- Rurukshetra (RM) Location Rurukshetra (RM) Rurukshetra (RM) (Nepal)
- Coordinates: 27°59′N 83°24′E﻿ / ﻿27.99°N 83.40°E
- Country: Nepal
- Province: Lumbini
- District: Gulmi
- Wards: 6
- Established: 10 March 2017

Government
- • Type: Rural Council
- • Chairperson: Mr.

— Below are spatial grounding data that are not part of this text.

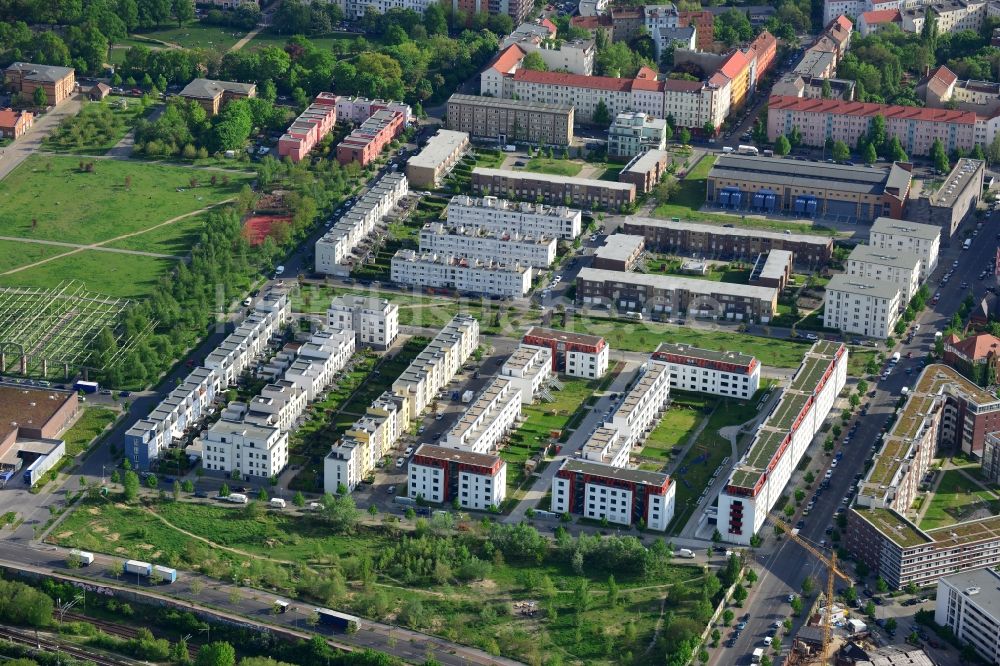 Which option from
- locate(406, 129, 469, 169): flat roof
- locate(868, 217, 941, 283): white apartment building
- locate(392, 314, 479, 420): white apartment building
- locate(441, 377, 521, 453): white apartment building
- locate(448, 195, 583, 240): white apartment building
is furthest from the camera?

Yadu Gyawali
- • Vice-chairperson: Mina Gautam
- • Term of office: (2022 - 2028)

Area
- • Total: 67.38 km^{2} (26.02 sq mi)

Population (2011)
- • Total: 18,581
- • Density: 275.8/km^{2} (714.2/sq mi)
- Time zone: UTC+5:45 (Nepal Standard Time)
- Headquarter: Baletaksar
- Website: rurumun.gov.np

= Rurukshetra Rural Municipality =

Rurukshetra is a Rural municipality located within the Gulmi District of the Lumbini Province of Nepal.
The rural municipality spans 67.38 km2 of area, with a total population of 18,581 according to a 2011 Nepal census.

On March 10, 2017, the Government of Nepal restructured the local level bodies into 753 new local level structures.
The previous Reemuwa, Ruru, Thanpati, Gwadi, Baletaksar and Bamgha VDCs were merged to form Rurukshetra Rural Municipality.
Rurukshetra is divided into 6 wards, with Baletaksar declared the administrative center of the rural municipality.

Villages include Thorga, Thanpati, Darsingbas, Chautara, Bhatkuwa, and Chyurek.